Smole erklärt auch, warum: „Das Lied strotzt von schweren kompositionstechnischen Fehlern! In früheren Zeiten galt die Musik als eine Wissenschaft, was angesichts der Zahlenverhältnisse im Bereich der Länge der Töne und der Tonhöhen plausibel ist. Und Wissenschaft benötigt für Selbstvergewisserung und Imagepolitur Dogmen – damals wie heute!“

Daher, so Smole, folgte „auch die klassische, wissenschaftsgebundene Kompositionslehre zur Zeit Franz X. Grubers strengen Regeln, deren mehrere diese weltberühmte Melodie verletzt!
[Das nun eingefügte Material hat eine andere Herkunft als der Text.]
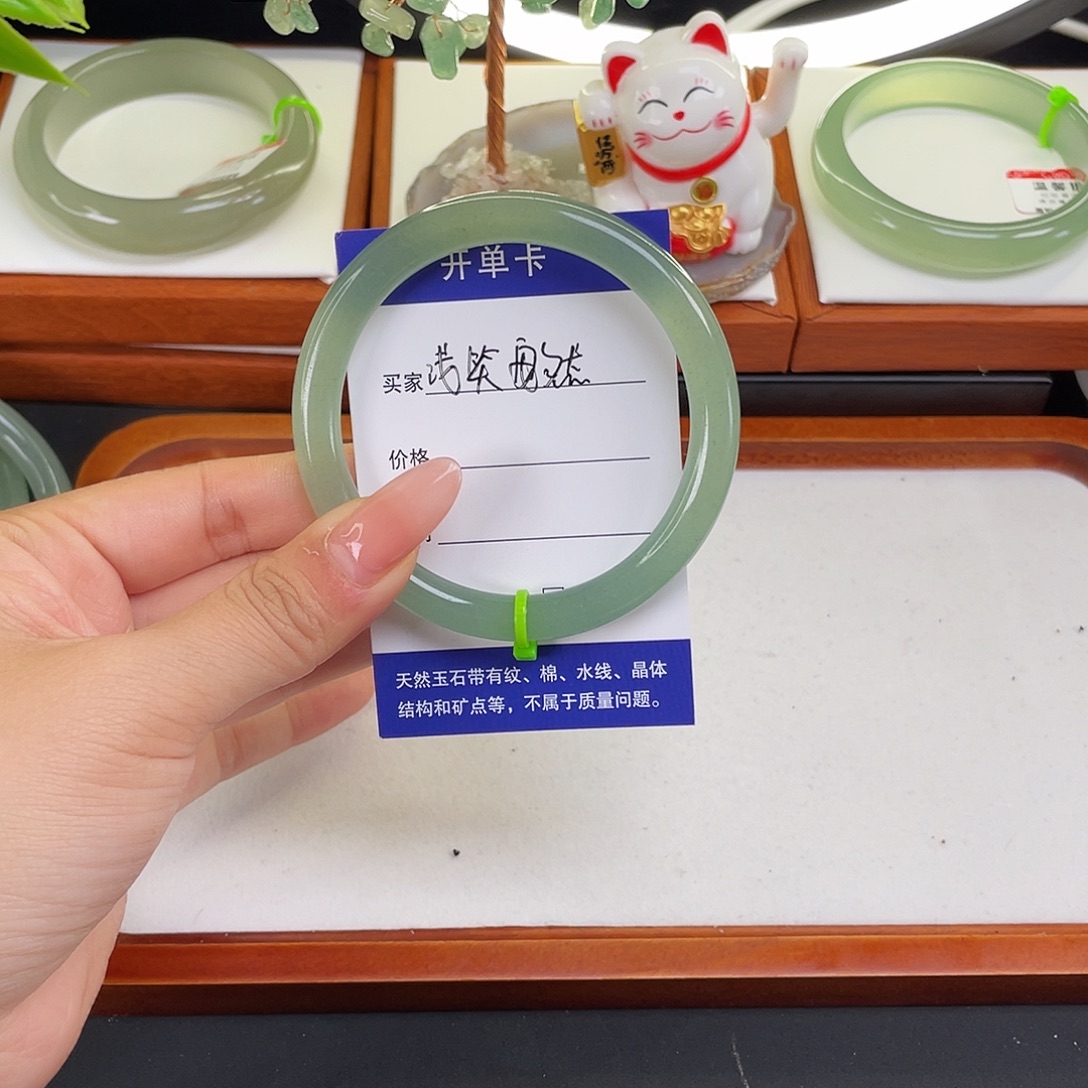 浅***然东陵石未镶嵌手镯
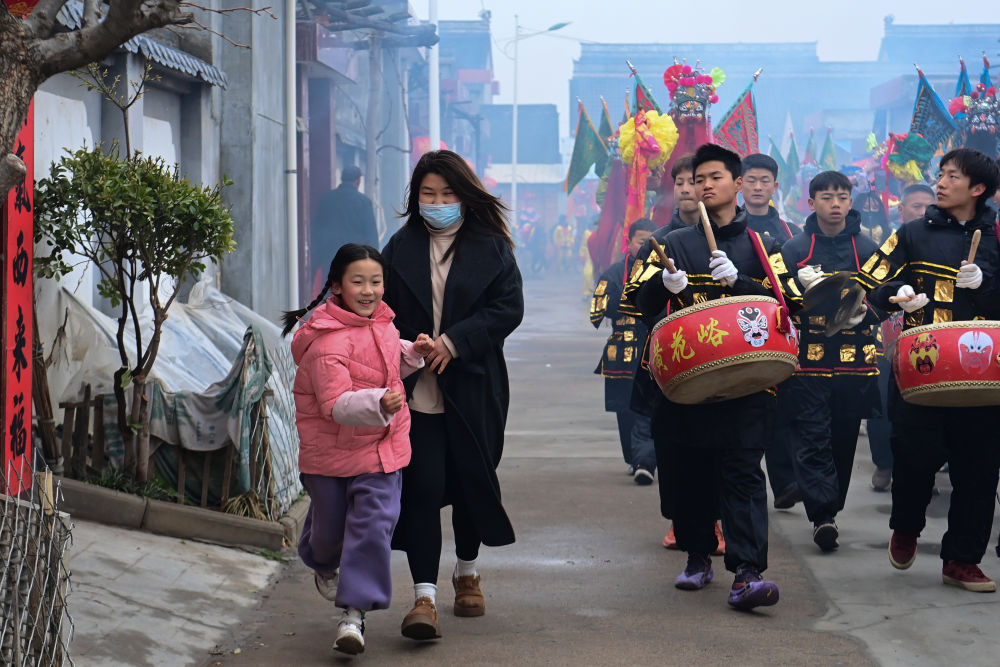 马社火，耍出精气神！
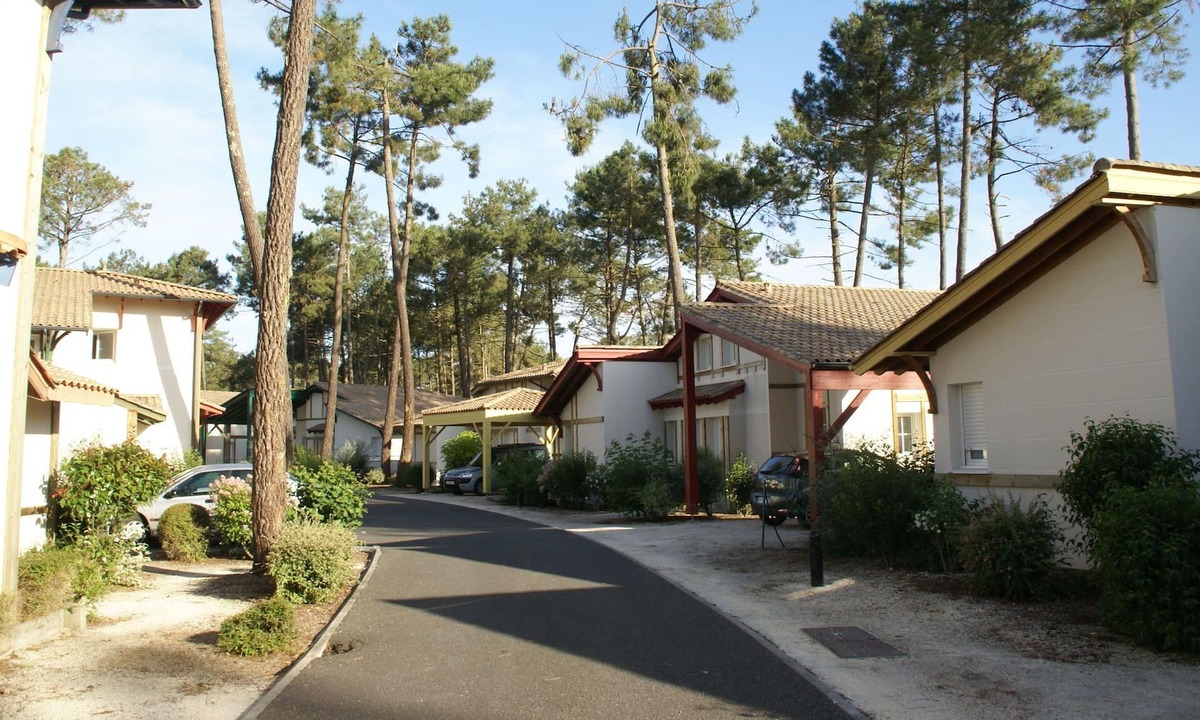 Gujan-Mestras Apartment | Apartment in greens, 6 km. from Gujan-Mestras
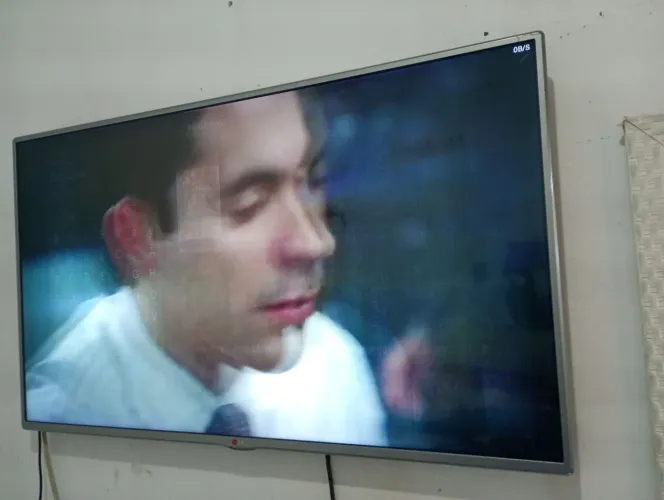 TV 48 POLEGADAS, NÃO E SMART, FUNCIONA COM O APARELHO TV BOX. MARCA LG.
Der Septimsprung etwa gleich nach dem Beginn hin zum ,Aaaaalles schläft‘ war ein absolutes No-go, denn dieser weite, dissonante Intervallsprung galt als unsingbar.“

Überdies durften in jener Ära „volksliedhafte Melodien den Tonumfang einer Oktave nicht überschreiten – Grubers Komposition umfasst zwei Töne mehr, die heute übliche Fassung gleich deren drei! Weitere noch gravierendere Regelverletzungen ,verunstalten‘ den zweiten Teil des Liedes!“

Keine Chance also für Gruber am Konservatorium. Zugegeben, die edleren „Pastoral“-Melodien stehen in Händels „Messias“ und Bachs „Weihnachtsoratorium“, wo zu allem Überfluss noch die hübsche Geschichte von den Hirten erzählt wird, die mit ihren Blasinstrumenten den Gesang der Engel zu imitieren versuchen und daran scheitern; aber vielleicht darf auch bei Gruber der Wille fürs Werk stehen; erst recht, wenn unsereins mitsingt.